HELENA — Technology entrepreneur Greg Gianforte and musician Rob Quist will square off in a special election to fill the Montana U.S. House seat left vacant by Ryan Zinke’s departure to become President Donald Trump’s interior secretary.

Republicans selected Gianforte over six others Monday night in a special nominating meeting for the May 25 election. Gianforte, a conservative who has never held political office, will be facing another political newcomer in Quist.

On Sunday, the Democrats nominated the 69-year-old who is best known as a singer and guitarist for the Mission Mountain Wood Band.

Gianforte won the majority of the 203 Republican delegates from across the state in a single round of voting after he pledged to back the Trump administration’s policies on issues from increased border protection to repealing the Affordable Care Act.

Gianforte said he was honored and ready to go to work.

“This election will be a referendum on Donald Trump and this administration,” Gianforte said. “We’re going to have national attention, and we need every single person in this room to do everything you can to make sure we win.”

Gianforte, 55, sold his software company RightNow Technologies to Oracle for $1.8 billion in 2011. He is now attempting to rebound from his defeat last November in an expensive governor’s race against incumbent Democrat Steve Bullock.

Even before securing the GOP nomination, Gianforte went on the attack against Quist.
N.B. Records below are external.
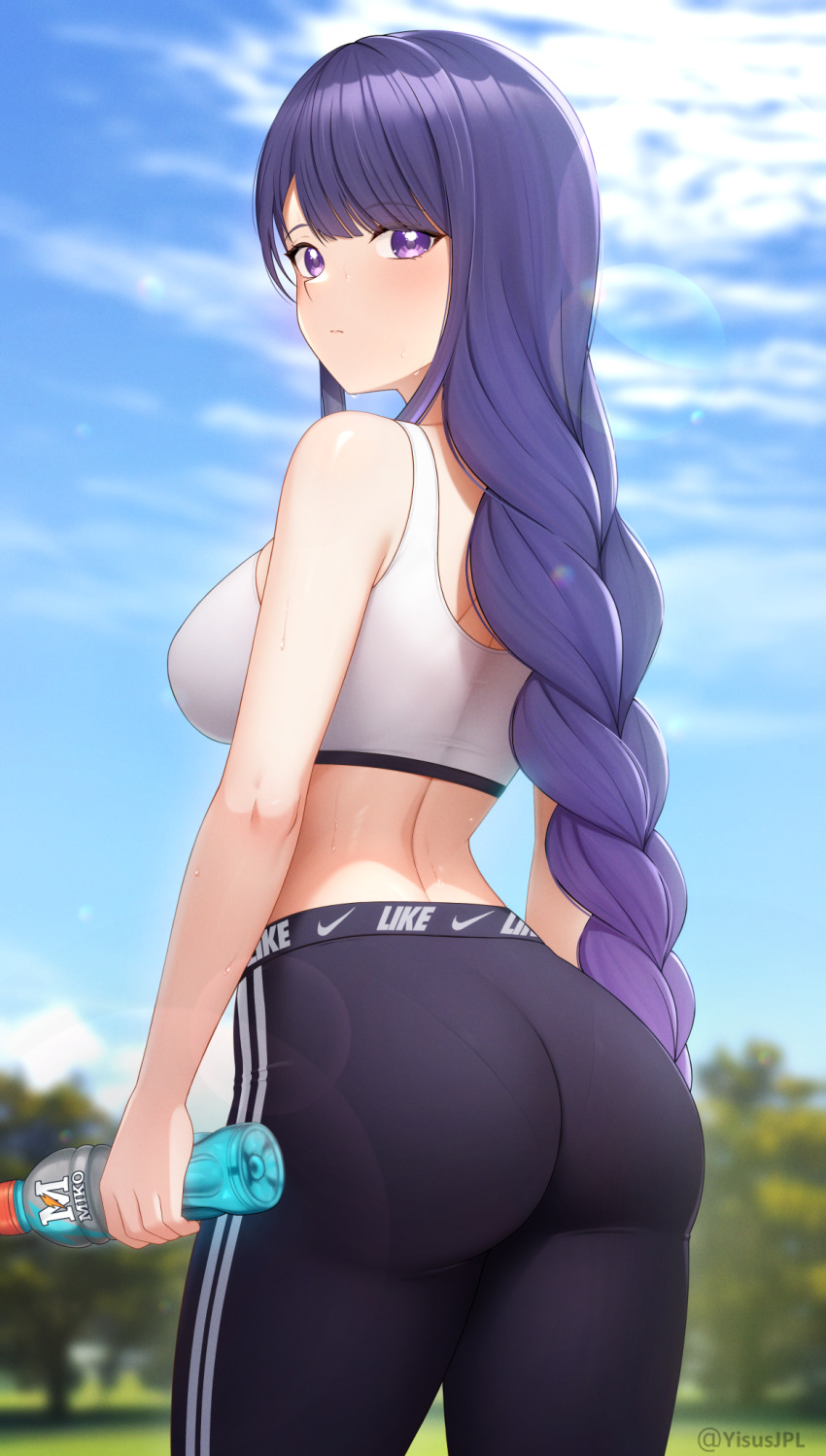 1girl, alternate_costume, ass, blue_sky, bottle, braid, brand_name_imitation, breasts, cloud, cowboy_shot, day, genshin_impact, highres, holding, holding_bottle, large_breasts, long_hair, low-braided_long_hair, low-tied_long_hair, outdoors, pants, purple_eyes, purple_hair, raiden_shogun, sky, solo, sports_bra, sports_drink, sportswear, very_long_hair, yisusjpl, yoga_pants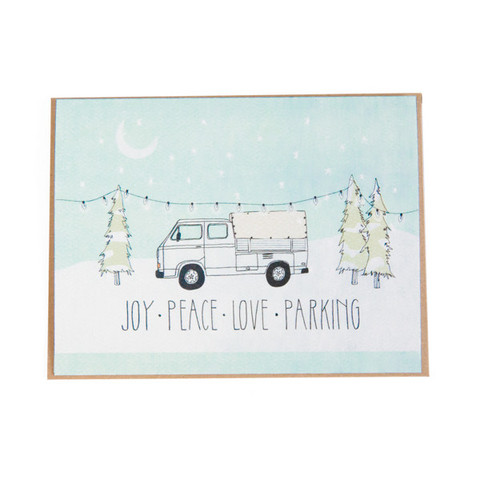 "Joy - Peace - Love - Parking" Card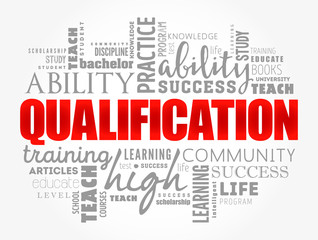 Qualification word cloud, education business concept background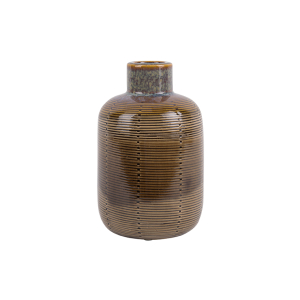 Vase Bottle Ceramic Medium, Bruin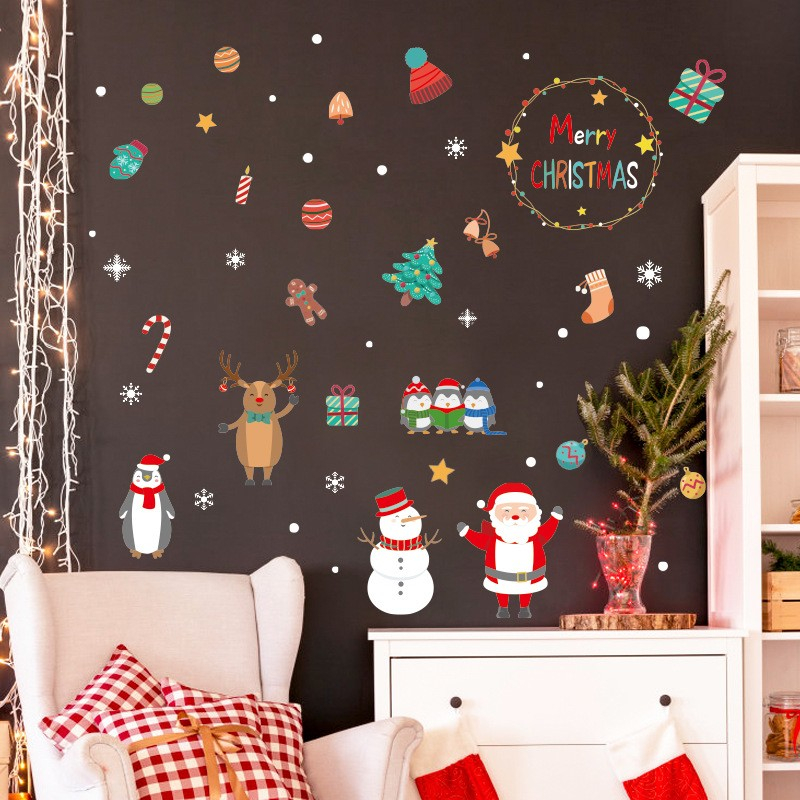 Weihnachts Fenster Folien Aufkleber Christmas Home Deko Fenster Sticker - Merry Christmas Party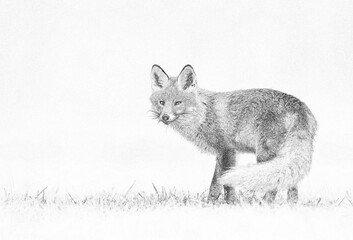 Fox (Vulpes vulpes) sketch image
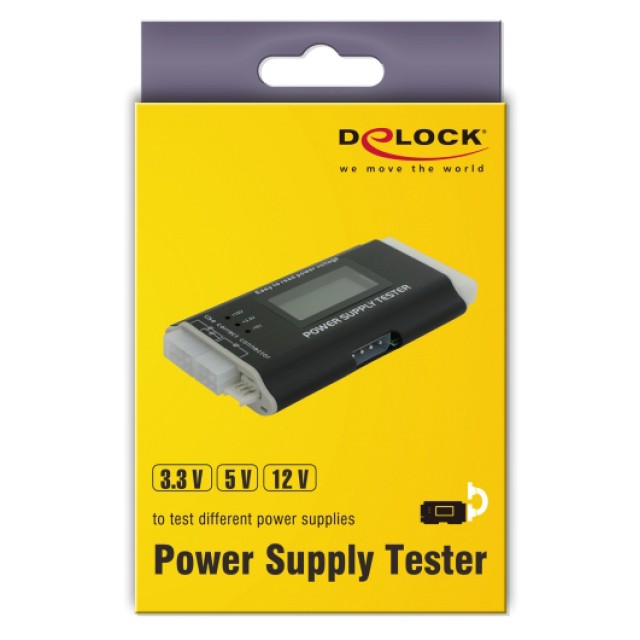 DELOCK tester τροφοδοτικού PC 18159, 3.3V/5V/12V, ATX/BTX/ITX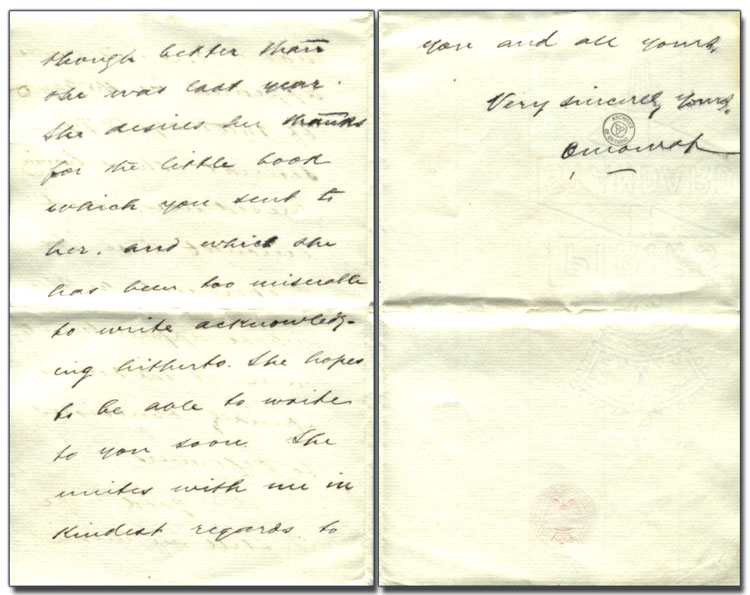 Letter from Hon. Oliver Mowat to Anne Brown, 15 June 1892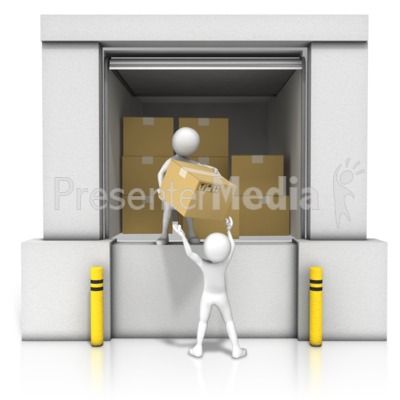 Unloading Dock Boxes Presentation clipart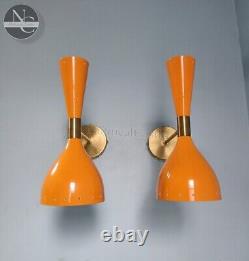 Mid Century Brass Italian Brass Wall Sconce Pair 1950s Adjustable Diabolo Wall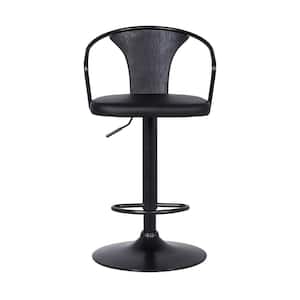Black Faux Leather and Metal Base Adjustable Bar Stool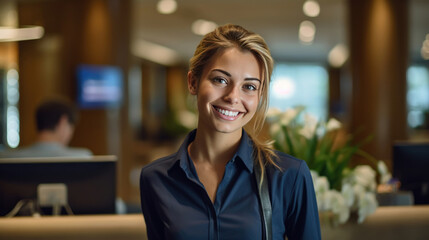 Fototapeta premium Close-up of a female hotel front desk clerk expertly handling a phone call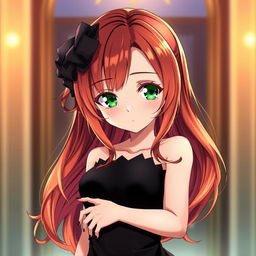 A beautiful anime girl with reddish-golden hair and a stunning figure, wearing a black dress and having green eyes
Gianforte used a candidate forum earlier Monday to paint Quist as an “out-of-touch liberal” in a state that voted strongly for Trump in November.

Other Republicans also quickly responded to Quist’s ascension. A super PAC called the Congressional Leadership Fund announced it will spend $700,000 on an ad campaign to influence Montana’s May 25 special election. The first spot aired Monday, attacking Quist with the same out-of-touch message as Gianforte’s.
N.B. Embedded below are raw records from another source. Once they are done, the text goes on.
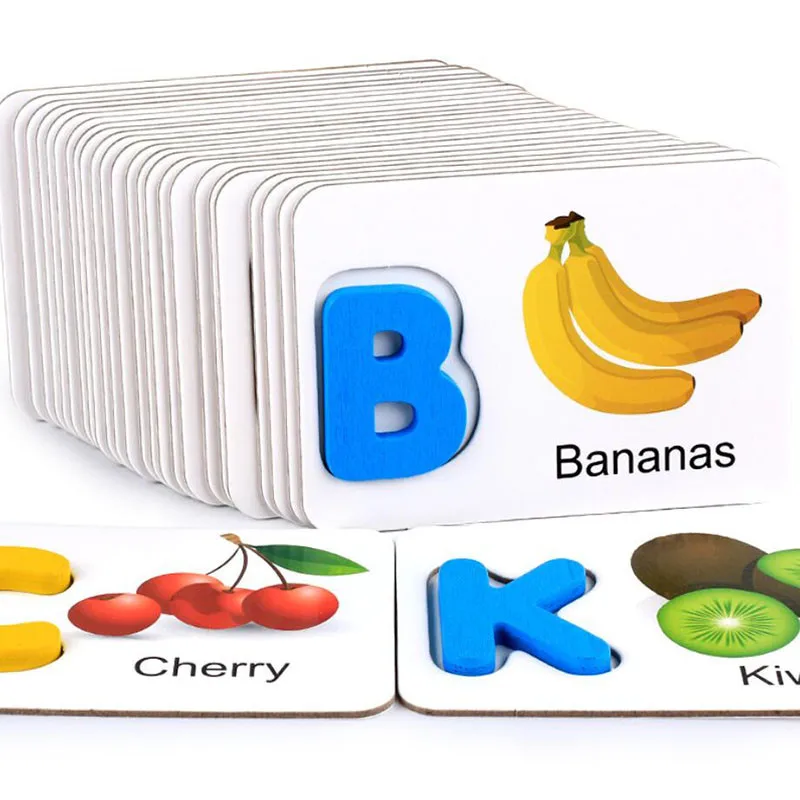 

Wooden Letter Fruits Vegetables Cognitive Card English Letter Identification Card Children Early Childhood Puzzle Wooden Toy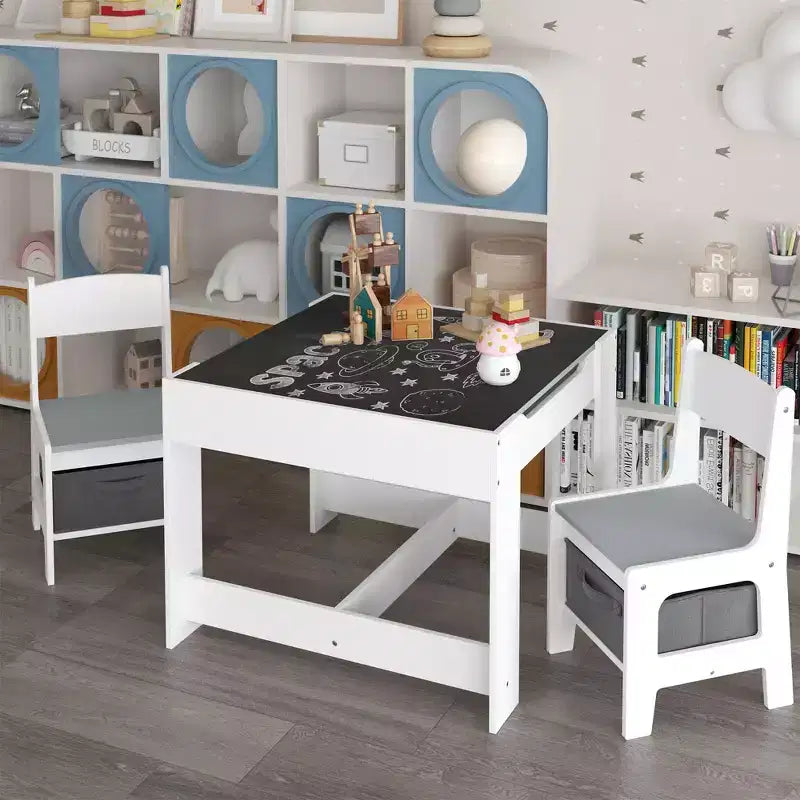 Ensemble Table et Chaises pour Enfants, Table d'Activités en Bois 3 en 1 avec Tiroir de Rangement pour Dessin, Lecture, Bricolage, Ensemble Table à Plateau Amovible 2 en 1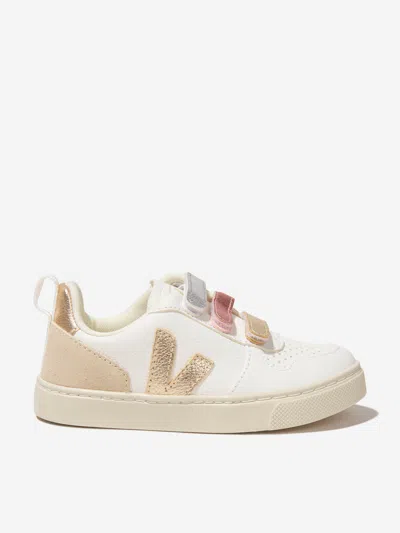 VEJA GIRLS CHROMEFREE LEATHER V-10 TRAINERS EU 34 UK 2 WHITE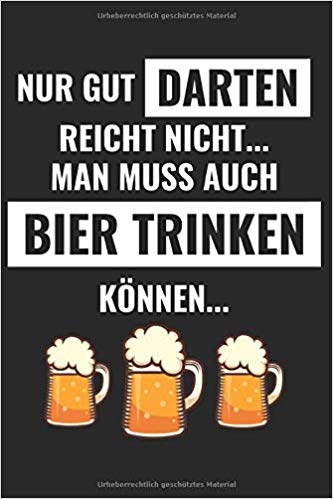 Darts Notizbuch mit lustigem Spruch über Darts und Bier – Geschenk für Kneipenspieler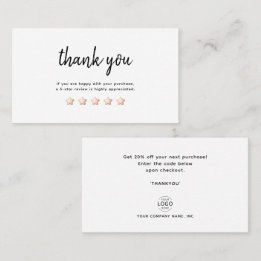 Minimalist Thank You Small Business Discount Card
Quist was not available for comment, spokeswoman Tina Olechowski said. The attacks make it clear “the D.C. establishment and Greg Gianforte are running scared of Rob Quist,” she said in a statement.

The state’s Libertarian Party will also nominate a candidate for the special election when its members meet next weekend. All other parties and potential independent candidates were required to submit petitions with at least 14,268 signatures by the close of business Monday.

Secretary of State spokeswoman Morgan Williams said nobody turned in a petition by the deadline, meaning no other candidates will be on the ballot.

Gianforte claimed to have locked up the election well before Monday’s vote while meeting with delegates on a statewide tour since Trump nominated Zinke in December. State Sen. Ed Buttrey, a moderate Republican hopeful, had tried to undermine Gianforte’s support by painting Gianforte as too conservative to appeal to all Montana voters.

Buttrey also said he would not use the U.S. House seat as a stepping-stone for a higher position. Zinke and U.S. Sen. Steve Daines, the last two holders of the seat, both left after one term.

Gianforte said in an earlier interview with The Associated Press that he would seek at least two terms if he wins the special election this year.

That two-term commitment leaves open the possibility of Gianforte running for governor again in 2020, said David Parker, a political scientist for Montana State University.

“If he were to leap to a different seat, it would be the governor’s seat in 2020, which is open,” Parker said. “It’s sensible for Gianforte to run for the House, run for the House again and then governor after that.”